→ Exercise: All of the data goes into your copy exactly as written. Images do not.
═══ Available data
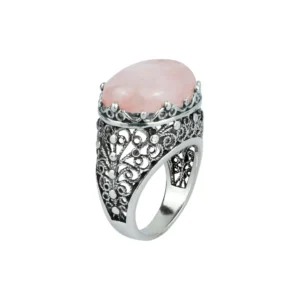 Filigree Art Rose Quartz Gemstone Women Silver Dome Statement Ring - Shop Now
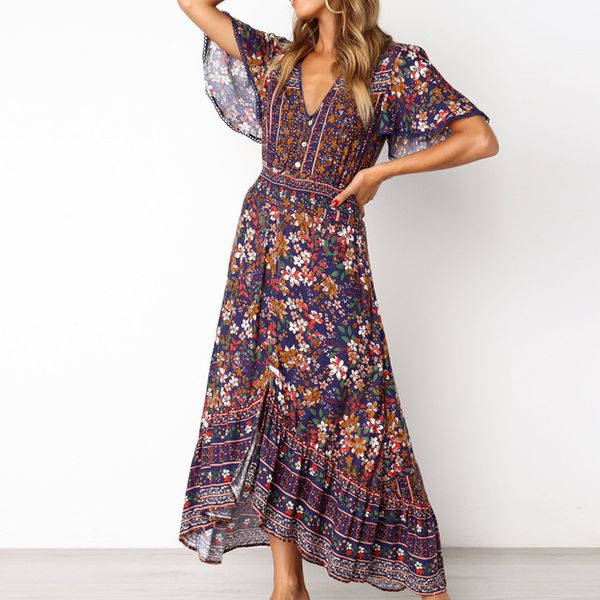 summer printed trumpet sleeves maxi boho dress 2019 women shell buckle vestido bohemian flowers long dress womens dresses, Black;gray
summer printed trumpet sleeves maxi boho dress 2019 women shell buckle vestido bohemian flowers long dress womens dresses, Black;gray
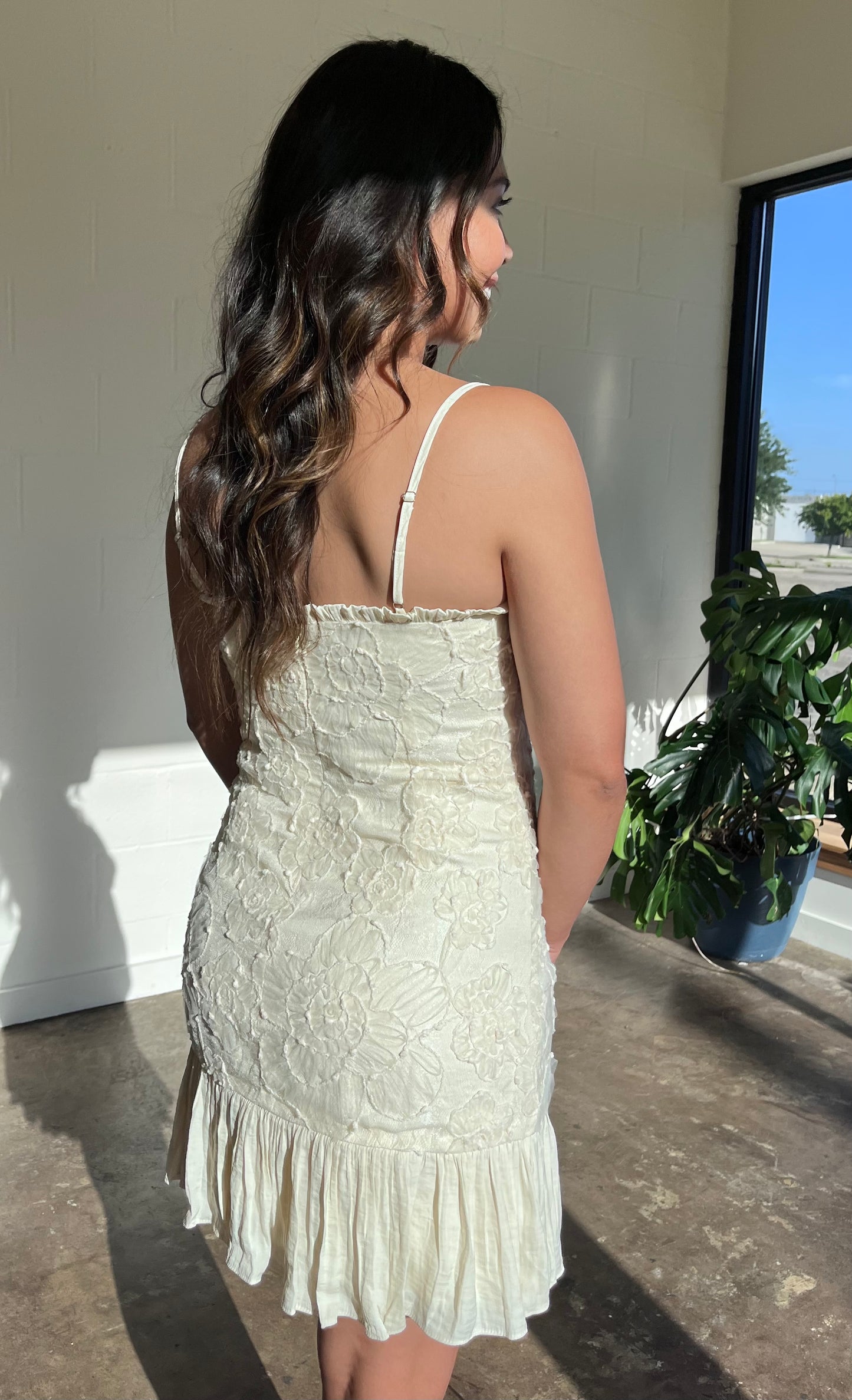 Petals & Promises - Ivory Floral Textured Mini Dress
══════
→ Task solution:
 Filigree Art Rose Quartz Gemstone Women Silver Dome Statement Ring - Shop Now
 summer printed trumpet sleeves maxi boho dress 2019 women shell buckle vestido bohemian flowers long dress womens dresses, Black;gray
summer printed trumpet sleeves maxi boho dress 2019 women shell buckle vestido bohemian flowers long dress womens dresses, Black;gray
 Petals & Promises - Ivory Floral Textured Mini Dress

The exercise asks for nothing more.